> _DATA SHOWN_
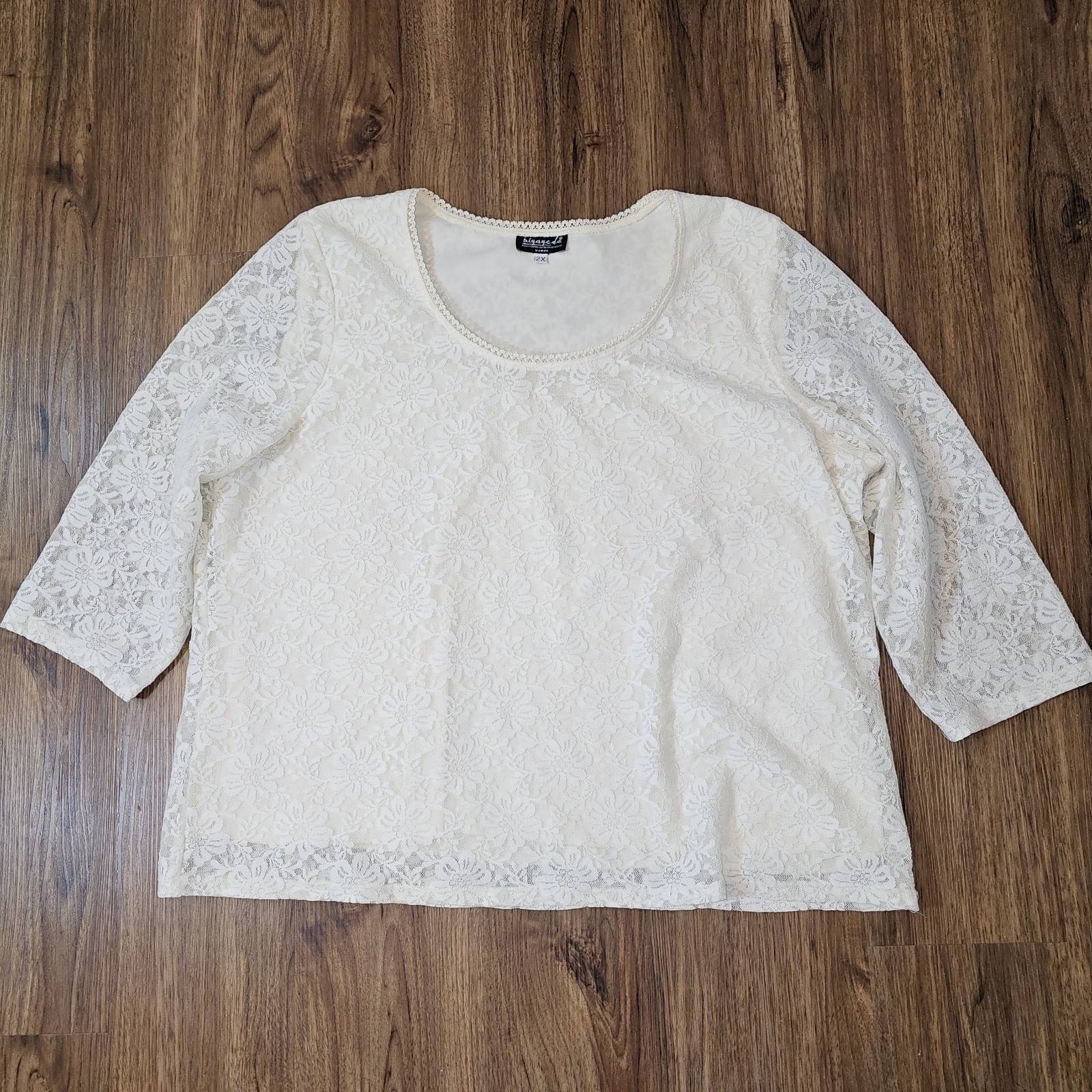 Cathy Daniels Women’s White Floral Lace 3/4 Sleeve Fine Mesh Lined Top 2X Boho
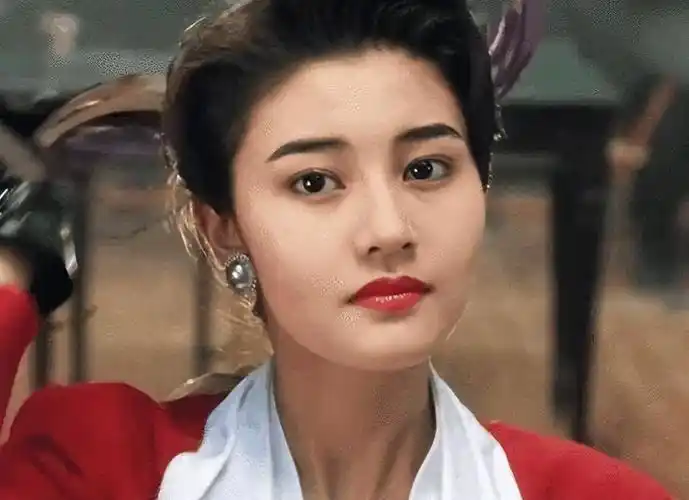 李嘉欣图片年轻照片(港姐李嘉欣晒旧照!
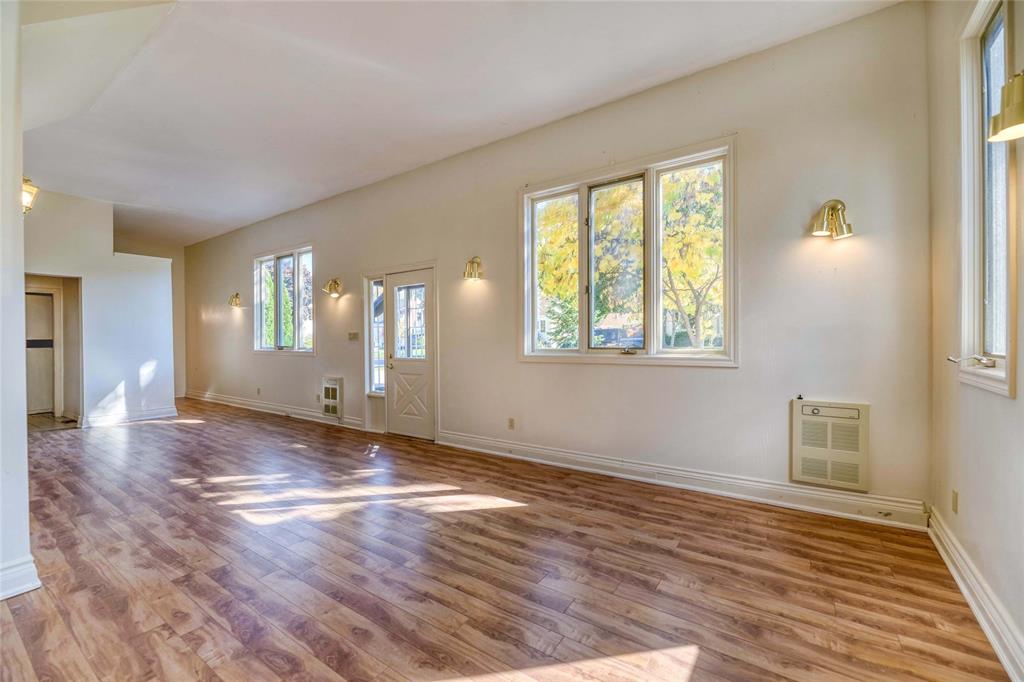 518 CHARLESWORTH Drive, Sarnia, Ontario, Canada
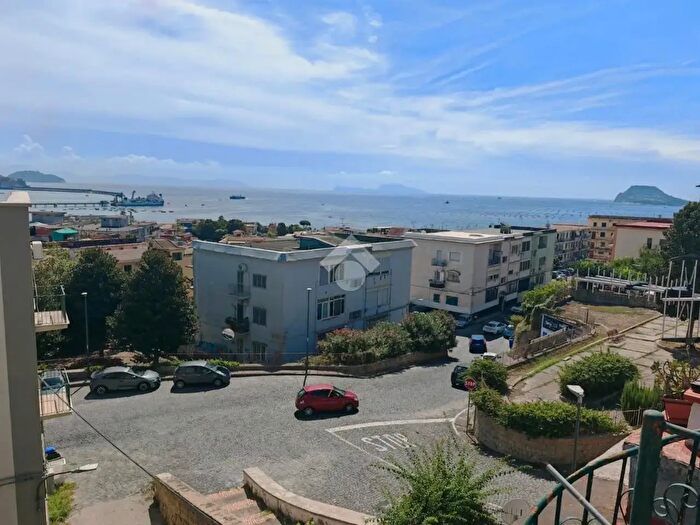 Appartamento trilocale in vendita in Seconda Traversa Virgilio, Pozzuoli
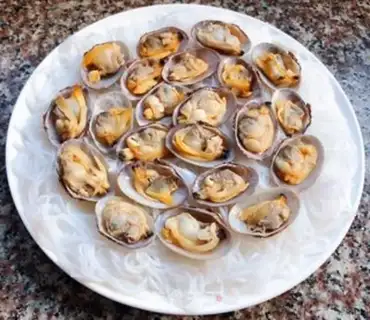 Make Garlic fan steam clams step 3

--

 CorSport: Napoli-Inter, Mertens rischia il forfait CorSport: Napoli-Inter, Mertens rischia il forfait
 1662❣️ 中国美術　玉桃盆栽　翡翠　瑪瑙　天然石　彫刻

> _WHAT YOU SHOULD DO_
The material above holds pictures; leave them out. Repeat exactly the lines from the one containing "李嘉欣图片年轻照片(港姐李嘉欣晒旧照!" through the one containing "Make Garlic fan steam clams step 3", and nothing else.

> _ANSWER FOR THIS EXERCISE_
 李嘉欣图片年轻照片(港姐李嘉欣晒旧照!
 518 CHARLESWORTH Drive, Sarnia, Ontario, Canada
 Appartamento trilocale in vendita in Seconda Traversa Virgilio, Pozzuoli
 Make Garlic fan steam clams step 3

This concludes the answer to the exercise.